On February 21, 2023, Nathan Gorelick, term assistant professor of English, published a book review in American Literary History. In this article, Professor Gorelick examines Political Grammars: The Unconscious Foundations of Modern Democracy, written by Davide Tarizzo.
Gorelick provides a balanced evaluation of the book, which explores the irreconcilability of two important values in Euro-American modern democracies: individualism and nationalism. He summarizes Tarizzo’s argument, which employs Lacanian psychoanalysis to reason that if no modern democracy is capable of perfectly representing all of its citizen-subjects, and no citizen perfectly embodies their nation, then such nations are destined to fail. Ultimately, Gorelick explains, Tarizzo believes that modern democracies, or ‘first-person societies,’ “do not exist except in the peculiarity of their inexistences.”

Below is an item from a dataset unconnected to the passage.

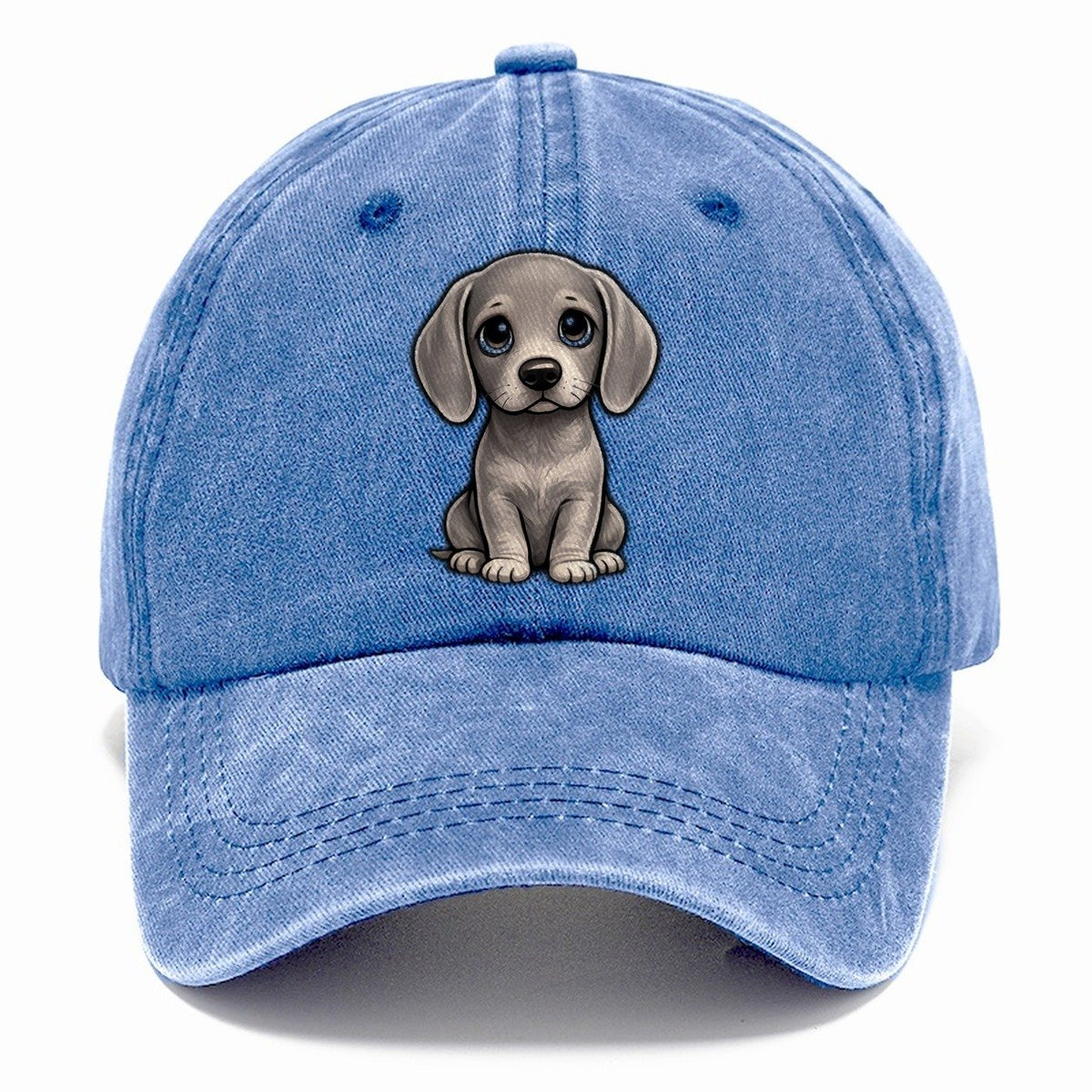 Weimaraner Sitting Sweetheart Classic Cap – Summer Sky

While Gorelick does not disagree with Tarizzo’s conclusion, he asserts that in order to apply a Lacanian psychoanalytic perspective to political-theoretical questions, as Tarizzo strives to, one ought to contend with the problem of sex and sexuality, which Tarizzo does not do. Gorelick calls Tarizzo’s argument “a novel answer” to the problem he approaches, but also notes that the author’s work is similar to previous theorists who go unmentioned in the book.